MOMENTOS OLÍMPICOS MÁGICOS 29: EL GESTO INNECESARIO QUE LE COSTÓ EL ORO A LINDSEY JACOBELLIS EN TURÍN 2006

La apodan “Lucky” (=Afortunada), pero la exitosa Lindsey Jacobellis está definitivamente gafada en la prueba de más prestigio de su deporte, los Juegos Olímpicos. Jacobellis puede ser a día de hoy la snowboarder más premiada de la historia. Podrá ser tetracampeona mundial en la modalidad de snowboard cross (su especialidad preferida, aunque también ha obtenido triunfos en las de slopestyle y halfpipe). También habrá sido diez veces campeona en los llamados X Games invernales y haber hecho 43 podios en la Copa del Mundo…pero se le resiste el oro olímpico. Es más, será recordada para los restos por una medalla de plata que, seamos sinceros, en muchas ocasiones se olvida o, todo lo contrario, es altamente valorada, pero que en el caso de esta rider estadounidense supone una auténtica vergüenza y humillación por cómo fue conseguida.

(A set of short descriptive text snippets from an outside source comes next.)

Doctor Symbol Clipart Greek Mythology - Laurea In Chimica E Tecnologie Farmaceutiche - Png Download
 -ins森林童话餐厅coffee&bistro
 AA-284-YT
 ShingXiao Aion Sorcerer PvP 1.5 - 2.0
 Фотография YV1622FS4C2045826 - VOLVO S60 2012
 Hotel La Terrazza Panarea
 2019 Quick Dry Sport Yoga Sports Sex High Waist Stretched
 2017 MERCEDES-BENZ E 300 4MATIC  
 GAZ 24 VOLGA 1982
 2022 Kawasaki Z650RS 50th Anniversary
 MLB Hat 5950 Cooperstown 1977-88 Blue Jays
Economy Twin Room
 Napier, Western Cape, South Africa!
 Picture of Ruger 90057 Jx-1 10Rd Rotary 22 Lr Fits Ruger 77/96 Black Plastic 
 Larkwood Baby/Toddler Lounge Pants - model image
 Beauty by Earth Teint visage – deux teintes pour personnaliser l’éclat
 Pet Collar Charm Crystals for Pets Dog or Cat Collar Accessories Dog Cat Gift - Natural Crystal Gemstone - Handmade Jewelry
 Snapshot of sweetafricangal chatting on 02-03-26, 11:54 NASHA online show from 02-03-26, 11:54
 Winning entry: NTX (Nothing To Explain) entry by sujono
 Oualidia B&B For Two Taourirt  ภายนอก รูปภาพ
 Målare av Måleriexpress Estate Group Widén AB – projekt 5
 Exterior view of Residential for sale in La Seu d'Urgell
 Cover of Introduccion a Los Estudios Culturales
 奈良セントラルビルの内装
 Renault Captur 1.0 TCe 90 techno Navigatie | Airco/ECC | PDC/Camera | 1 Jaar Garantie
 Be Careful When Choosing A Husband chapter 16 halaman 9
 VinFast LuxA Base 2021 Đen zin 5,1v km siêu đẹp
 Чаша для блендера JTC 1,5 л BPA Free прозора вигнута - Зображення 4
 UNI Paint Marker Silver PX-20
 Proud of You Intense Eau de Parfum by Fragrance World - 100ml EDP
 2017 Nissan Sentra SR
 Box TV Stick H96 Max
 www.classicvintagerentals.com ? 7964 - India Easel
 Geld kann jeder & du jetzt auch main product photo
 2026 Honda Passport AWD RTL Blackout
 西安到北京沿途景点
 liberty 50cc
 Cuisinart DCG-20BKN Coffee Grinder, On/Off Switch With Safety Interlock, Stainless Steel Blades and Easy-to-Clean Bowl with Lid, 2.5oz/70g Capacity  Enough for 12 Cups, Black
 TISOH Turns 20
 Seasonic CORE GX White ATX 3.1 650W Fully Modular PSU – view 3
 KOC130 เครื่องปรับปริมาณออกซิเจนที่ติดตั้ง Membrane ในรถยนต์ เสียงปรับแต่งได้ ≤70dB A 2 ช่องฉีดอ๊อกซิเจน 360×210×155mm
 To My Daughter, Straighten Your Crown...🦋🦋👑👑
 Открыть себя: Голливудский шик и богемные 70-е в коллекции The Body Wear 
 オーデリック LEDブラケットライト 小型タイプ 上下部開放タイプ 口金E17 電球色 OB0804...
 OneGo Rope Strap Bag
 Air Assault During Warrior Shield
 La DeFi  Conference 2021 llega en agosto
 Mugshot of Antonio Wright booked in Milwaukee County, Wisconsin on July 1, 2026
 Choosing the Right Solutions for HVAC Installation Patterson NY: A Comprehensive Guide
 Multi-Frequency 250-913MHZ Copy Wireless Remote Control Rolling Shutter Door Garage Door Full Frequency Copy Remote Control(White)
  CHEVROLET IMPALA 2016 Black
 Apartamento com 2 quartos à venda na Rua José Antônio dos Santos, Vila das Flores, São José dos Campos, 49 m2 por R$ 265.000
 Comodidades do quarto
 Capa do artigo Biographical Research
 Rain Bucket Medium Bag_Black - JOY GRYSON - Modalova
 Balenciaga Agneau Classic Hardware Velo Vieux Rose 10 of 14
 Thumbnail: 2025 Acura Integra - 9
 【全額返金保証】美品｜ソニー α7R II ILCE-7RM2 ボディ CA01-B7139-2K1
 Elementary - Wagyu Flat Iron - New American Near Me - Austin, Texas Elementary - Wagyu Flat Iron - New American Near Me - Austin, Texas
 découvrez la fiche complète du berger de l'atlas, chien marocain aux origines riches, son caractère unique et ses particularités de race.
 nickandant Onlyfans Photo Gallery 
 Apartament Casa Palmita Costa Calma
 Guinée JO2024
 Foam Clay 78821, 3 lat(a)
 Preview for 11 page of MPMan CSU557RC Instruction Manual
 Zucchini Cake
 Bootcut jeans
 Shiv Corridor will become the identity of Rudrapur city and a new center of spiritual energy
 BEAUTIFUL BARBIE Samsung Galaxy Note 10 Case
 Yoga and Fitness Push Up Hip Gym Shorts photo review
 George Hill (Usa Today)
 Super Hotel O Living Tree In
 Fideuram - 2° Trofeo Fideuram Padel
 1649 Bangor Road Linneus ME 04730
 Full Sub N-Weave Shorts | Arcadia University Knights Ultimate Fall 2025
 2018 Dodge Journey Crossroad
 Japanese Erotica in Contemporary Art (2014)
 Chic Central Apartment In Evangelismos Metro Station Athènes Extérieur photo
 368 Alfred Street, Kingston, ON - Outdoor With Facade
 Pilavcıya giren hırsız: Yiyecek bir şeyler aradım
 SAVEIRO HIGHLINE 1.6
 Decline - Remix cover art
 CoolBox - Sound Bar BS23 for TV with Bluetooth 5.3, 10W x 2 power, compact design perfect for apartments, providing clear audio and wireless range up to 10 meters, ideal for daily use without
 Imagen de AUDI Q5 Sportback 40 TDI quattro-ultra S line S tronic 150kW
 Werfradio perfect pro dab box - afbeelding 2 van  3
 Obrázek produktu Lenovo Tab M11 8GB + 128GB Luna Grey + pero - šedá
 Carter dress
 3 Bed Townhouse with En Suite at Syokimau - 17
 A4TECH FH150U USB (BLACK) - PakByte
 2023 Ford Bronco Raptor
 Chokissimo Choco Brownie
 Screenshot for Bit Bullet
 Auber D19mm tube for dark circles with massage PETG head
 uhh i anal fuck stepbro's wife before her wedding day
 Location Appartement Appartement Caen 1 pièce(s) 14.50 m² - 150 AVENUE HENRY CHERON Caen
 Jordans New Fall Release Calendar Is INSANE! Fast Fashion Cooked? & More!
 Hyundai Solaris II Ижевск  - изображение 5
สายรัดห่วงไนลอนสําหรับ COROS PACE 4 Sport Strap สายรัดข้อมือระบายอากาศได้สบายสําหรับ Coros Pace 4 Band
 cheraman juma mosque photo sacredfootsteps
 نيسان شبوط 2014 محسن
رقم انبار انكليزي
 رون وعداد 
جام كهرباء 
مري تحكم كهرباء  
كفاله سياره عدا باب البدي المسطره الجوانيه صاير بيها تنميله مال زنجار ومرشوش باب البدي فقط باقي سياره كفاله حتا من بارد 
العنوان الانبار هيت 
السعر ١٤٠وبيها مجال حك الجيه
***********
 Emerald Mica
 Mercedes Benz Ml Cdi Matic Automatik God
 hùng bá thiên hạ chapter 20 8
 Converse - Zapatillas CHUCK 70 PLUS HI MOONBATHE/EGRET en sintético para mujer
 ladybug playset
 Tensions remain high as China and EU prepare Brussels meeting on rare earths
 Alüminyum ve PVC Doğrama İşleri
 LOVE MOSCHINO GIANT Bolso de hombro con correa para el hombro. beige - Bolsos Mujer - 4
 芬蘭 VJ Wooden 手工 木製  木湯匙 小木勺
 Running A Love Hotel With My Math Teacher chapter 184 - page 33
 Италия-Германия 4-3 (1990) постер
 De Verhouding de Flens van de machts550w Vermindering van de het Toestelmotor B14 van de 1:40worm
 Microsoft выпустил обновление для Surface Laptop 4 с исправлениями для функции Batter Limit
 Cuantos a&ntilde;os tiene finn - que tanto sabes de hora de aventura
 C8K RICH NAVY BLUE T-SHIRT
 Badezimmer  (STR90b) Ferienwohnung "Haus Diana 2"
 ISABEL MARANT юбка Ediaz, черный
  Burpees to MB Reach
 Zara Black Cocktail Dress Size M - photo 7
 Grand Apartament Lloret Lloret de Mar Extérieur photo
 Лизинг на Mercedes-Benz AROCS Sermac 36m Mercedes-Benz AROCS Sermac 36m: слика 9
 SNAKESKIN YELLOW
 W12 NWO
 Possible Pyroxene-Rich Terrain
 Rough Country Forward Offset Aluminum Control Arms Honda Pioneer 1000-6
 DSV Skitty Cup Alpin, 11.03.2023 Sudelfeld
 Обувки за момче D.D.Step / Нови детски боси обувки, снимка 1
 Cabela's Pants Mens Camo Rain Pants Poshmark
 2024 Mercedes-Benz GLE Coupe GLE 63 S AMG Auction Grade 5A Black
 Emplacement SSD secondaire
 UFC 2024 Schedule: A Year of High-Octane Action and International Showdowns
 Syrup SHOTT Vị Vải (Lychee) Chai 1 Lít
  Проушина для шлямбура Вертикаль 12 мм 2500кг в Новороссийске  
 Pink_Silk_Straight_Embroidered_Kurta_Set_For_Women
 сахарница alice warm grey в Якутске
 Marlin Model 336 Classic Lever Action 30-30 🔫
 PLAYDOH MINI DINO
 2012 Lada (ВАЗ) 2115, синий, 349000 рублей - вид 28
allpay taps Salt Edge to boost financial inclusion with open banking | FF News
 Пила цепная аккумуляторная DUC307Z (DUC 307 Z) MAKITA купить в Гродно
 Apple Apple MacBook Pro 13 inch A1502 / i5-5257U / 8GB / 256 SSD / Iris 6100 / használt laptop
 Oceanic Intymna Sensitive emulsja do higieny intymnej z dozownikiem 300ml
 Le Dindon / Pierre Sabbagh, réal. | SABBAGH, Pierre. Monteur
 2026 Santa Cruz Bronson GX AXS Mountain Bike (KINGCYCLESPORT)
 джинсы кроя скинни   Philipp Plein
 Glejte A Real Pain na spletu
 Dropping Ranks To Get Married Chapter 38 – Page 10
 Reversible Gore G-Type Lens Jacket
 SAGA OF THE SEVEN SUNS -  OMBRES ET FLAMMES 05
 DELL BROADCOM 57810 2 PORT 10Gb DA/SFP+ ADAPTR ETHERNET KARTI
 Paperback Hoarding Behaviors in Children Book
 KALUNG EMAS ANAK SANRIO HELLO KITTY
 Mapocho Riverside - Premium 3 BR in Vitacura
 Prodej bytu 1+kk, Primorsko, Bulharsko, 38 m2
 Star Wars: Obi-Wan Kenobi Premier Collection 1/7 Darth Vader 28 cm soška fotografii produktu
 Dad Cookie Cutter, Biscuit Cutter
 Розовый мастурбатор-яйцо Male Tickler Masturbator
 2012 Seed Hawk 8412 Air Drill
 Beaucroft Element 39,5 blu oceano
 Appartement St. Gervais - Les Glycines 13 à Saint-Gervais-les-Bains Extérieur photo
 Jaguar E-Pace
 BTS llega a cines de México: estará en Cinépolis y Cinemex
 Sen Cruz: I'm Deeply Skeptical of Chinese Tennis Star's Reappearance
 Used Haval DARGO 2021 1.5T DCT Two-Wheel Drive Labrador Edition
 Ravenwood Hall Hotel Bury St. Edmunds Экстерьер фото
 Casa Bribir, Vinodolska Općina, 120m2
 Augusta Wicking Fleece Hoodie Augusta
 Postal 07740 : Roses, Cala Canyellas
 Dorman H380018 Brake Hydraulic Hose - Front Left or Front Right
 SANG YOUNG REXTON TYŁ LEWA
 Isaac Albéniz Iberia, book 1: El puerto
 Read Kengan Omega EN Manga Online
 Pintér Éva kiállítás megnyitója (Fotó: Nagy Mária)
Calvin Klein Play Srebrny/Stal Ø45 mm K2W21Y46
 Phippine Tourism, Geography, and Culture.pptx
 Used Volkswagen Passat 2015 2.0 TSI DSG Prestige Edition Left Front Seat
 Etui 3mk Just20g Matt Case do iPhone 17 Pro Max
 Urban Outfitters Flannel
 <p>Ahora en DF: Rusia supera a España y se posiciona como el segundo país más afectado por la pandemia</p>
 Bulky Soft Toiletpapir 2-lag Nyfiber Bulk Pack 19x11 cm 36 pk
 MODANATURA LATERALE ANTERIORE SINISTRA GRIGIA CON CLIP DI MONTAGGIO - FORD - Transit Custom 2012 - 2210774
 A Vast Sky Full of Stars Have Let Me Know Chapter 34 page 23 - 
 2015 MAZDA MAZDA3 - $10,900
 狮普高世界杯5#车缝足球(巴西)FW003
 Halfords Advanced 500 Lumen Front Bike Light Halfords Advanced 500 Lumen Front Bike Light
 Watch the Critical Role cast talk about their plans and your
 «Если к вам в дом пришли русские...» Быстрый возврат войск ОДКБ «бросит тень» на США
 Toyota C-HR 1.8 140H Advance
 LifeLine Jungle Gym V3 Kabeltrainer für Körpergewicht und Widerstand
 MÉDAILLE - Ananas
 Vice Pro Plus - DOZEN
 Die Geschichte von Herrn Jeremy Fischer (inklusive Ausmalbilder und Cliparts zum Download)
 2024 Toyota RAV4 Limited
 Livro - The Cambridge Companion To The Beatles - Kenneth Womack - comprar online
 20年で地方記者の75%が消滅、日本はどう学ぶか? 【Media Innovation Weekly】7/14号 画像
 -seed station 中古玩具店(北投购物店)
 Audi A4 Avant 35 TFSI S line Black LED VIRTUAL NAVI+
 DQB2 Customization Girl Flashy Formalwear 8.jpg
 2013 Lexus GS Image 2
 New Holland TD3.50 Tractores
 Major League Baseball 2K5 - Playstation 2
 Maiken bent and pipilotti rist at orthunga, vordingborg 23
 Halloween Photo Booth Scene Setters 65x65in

En los Juegos de Turín 2006 Jacobellis tenía aún apenas 20 años, pero ya se presentaba como máxima favorita y venía de ganar campeonatos de prestigio. Esa edad –y todo lo que la inexperiencia conlleva- posiblemente la arrastró a cometer un error por el que pagaría un alto precio y aún se ve obligada a responder en entrevistas. La prueba de snowboard cross (carrera de velocidad en un circuito lleno de curvas y saltos que gana el que primero cruce la meta) se disputaba en la localidad piamontesa de Bardonecchia. Lindsey había llegado a la final pasando todas las rondas previas sin ningún tipo de problemas. Empieza la final y es tan superior a sus contrincantes que enseguida logra una comodísima ventaja, así que se libra de los habituales empujones que se producen en la estrechez de la pista. Evita, así, el peligro siempre presente en este deporte de una caída. La meta está prácticamente a la vista. Sólo le sigue, muy de lejos –exactamente a 43 metros- la suiza Tanja Frieden. Entonces Lindsey Jacobellis realiza algo inesperado en el penúltimo salto: un truco del snowboard, propio de otras modalidades y no de esta, en la que se busca la velocidad para llegar primero y no se tiene en absoluto en cuenta el estilo. Se agarra la tabla, pierde por ello la estabilidad y cae. Con esa caída se fue el oro olímpico que tenía más que asegurado. Al menos logra levantarse y, como la ventaja sobre las siguientes era considerable, cruza la meta segunda. Es una plata ignominiosa. Con ese gesto la estadounidense se ganó críticas apabullantes que atacaron su “desprecio” hacia los rivales y hacia los mismos Juegos Olímpicos.

Al poco de acabar la prueba es preguntada una y otra vez por la Prensa sobre su gesto y ella, apabullada, solo acierta a explicar que “buscaba estabilidad”. Solo un tiempo más tarde reconocería que no era así y que, antes al contrario, su acción fue innecesaria. Sus 20 años y la especial naturaleza de este deporte dieron con otra explicación: “El snowboard es diversión y yo me estaba divirtiendo”. También confesaría que se sentía demasiado presionada y que su falta de experiencia por aquel entonces provocó esa reacción emocional que ni ella misma se explica a día de hoy.

Quizá el destino, quizá la justicia poética por haber realizado un gesto que muchos calificaron de irrespetuoso y de desprecio por los rivales (cuanto menos, de superioridad), se volvieron contra ella en el resto de las citas olímpicas en las que ha participado. Porque Jacobellis siguió ganando y ganando competiciones, agrandando su figura de campeonísima en este deporte pero, al mismo tiempo, seguían resistiéndosele los Juegos Olímpicos. Así, en Vancouver 2010 fue descalificada en las semifinales al derribar una bandera intentando esquivar a una rival, mientras que en Sochi 2014 cayó ella misma casi al final de la prueba y de una manera un tanto increíble en las semifinales. La que podría por lógica tener colgados a día de hoy tres oros olímpicos no solo se tiene que conformar con una plata, sino que el sabor de la misma recuerda más bien el de la medalla de chocolate o de madera, esto es, la del cuarto puesto.